Say I have two dataframes with 4 columns each. The first 3 columns are string types, and the 4th column is an array type. I would like to concatenate these two dataframes so that the resulting dataframe will fulfill the following:
In rows where the first 3 columns' values are identical between the two dataframes, the row in the result dataframe will contain the identical values, and the array column will contain a union of all the values in each of the original dataframes' 4th column arrays.

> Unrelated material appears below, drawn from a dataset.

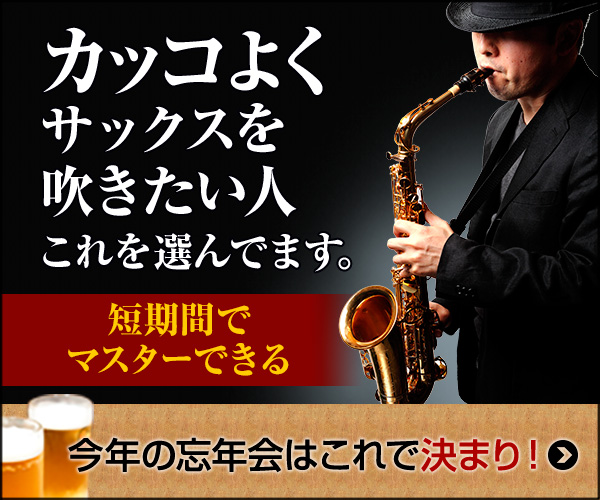 初心者向けアルトサックス教本＆DVD 3弾セット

Rows that don't have an 'identical' (just the first 3 columns) partner in the second dataframe, will appear as they are originally in the result dataframe.
Example:
DF1 = [
Row(str1="StringA", str2="StringB", str3="StringC", arr=["array_member_a"]),
Row(str1="String1", str2="String2", str3="String3", arr=["array_member_1"])]
DF2 = [
Row(str1="StringA", str2="StringB", str3="StringC", arr=["array_member_d"]),
Row(str1="String1", str2="String8", str3="String9", arr=["array_member_x"])]
reulst_DF = [
Row(str1="StringA", str2="StringB", str3="StringC", arr=["array_member_a", "array_member_d"]),
Row(str1="String1", str2="String2", str3="String3", arr=["array_member_1"]),
Row(str1="String1", str2="String8", str3="String9", arr=["array_member_x"])]